As long as we're logging all critical info, we can always revisit and calculate the metrics we need through CloudWatch Logs Insights. It's like being able to travel back in time to analyze data.

Crucial points for managing traffic spikes:

  1. Log extensively and richly to enable multidimensional metric analysis.

  2. Use Contributor Insights to track and analyze high cardinality metrics, such as customer request volumes.

  3. Leverage CloudWatch Logs Insights to dissect metrics you didn't initially set up, offering flexibility in how you analyze and understand your data.

Uncover hidden issues

To truly understand and troubleshoot the full spectrum of issues your application might face, it's essential to measure performance and errors from every possible angle, not just from within your own infrastructure. This includes keeping an eye on what happens outside your servers, where a lot can go wrong either before a request reaches your system or after a response has been sent.

Currently, our monitoring efforts are focused on our webservers and the components downstream.
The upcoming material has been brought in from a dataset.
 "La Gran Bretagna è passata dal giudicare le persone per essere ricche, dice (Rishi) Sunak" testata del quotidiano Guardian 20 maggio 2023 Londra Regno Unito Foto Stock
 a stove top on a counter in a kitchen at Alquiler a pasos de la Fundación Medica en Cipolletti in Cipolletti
But what about the components that come before our APIs?

For instance, deploying new frontend code that's incompatible with the existing API (e.g. because we broke an API contract) could cause errors for users as they receive and try to interact with new static assets that don't play well with the current API version.

To get a direct line of sight into the user experience, we can measure directly from the user's browser. This real-user monitoring (RUM) provides invaluable insights into how changes in the backend or frontend impact the user directly.

Consider a migration scenario where something goes wrong in the new environment. If we're routing traffic gradually via Route53, only a fraction of users will encounter errors, sending us a diluted signal of the underlying problem we might not even detect due to having alarm thresholds that are too high.

In such cases, relying solely on RUM might not give us the full picture.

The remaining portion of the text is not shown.